What is being asked: Each line in the records below, from the one that contains "Two people kayaking" to the one that contains "Au gratin cheesy", should be reproduced exactly, the first and last included.

Dataset:
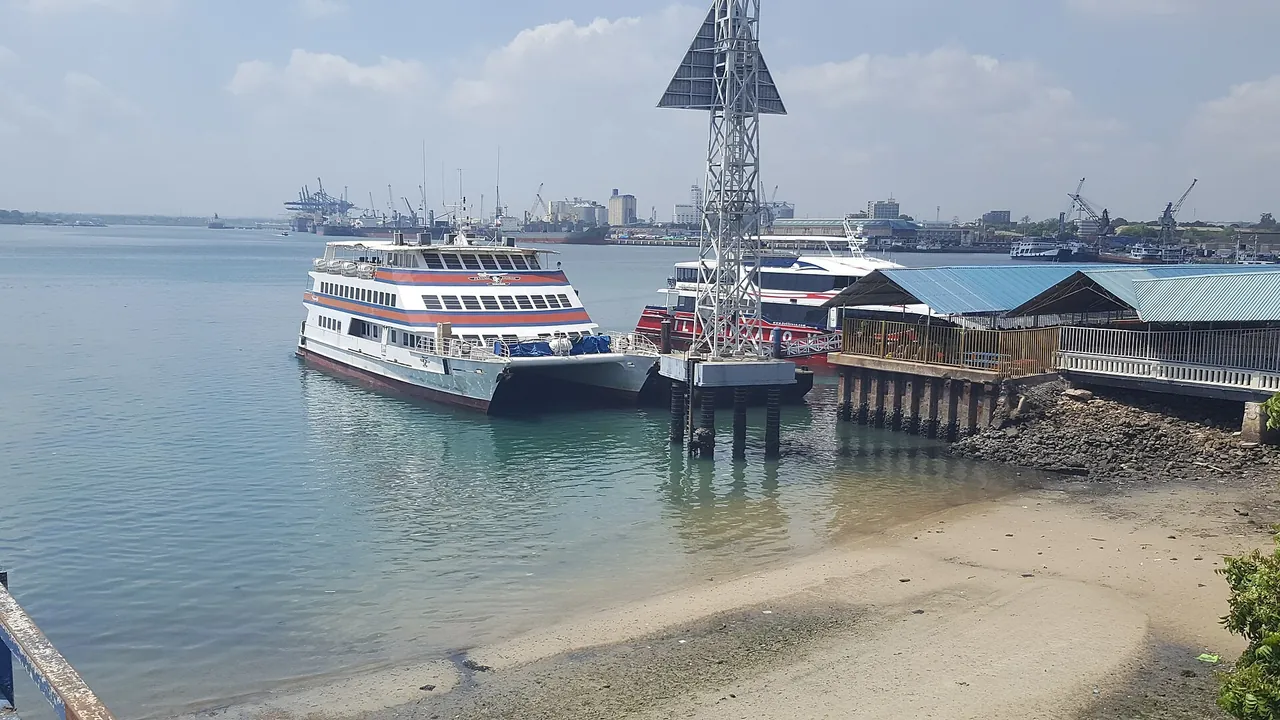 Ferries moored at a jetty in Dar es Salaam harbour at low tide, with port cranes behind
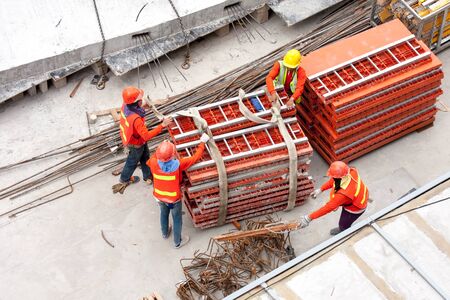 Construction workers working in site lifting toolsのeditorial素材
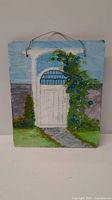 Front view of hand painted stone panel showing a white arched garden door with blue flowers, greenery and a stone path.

--

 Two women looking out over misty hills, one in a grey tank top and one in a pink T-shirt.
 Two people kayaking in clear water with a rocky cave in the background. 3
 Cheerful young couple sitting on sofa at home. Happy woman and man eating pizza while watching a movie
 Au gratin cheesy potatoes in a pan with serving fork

Output of the exercise:
 Two people kayaking in clear water with a rocky cave in the background. 3
 Cheerful young couple sitting on sofa at home. Happy woman and man eating pizza while watching a movie
 Au gratin cheesy potatoes in a pan with serving fork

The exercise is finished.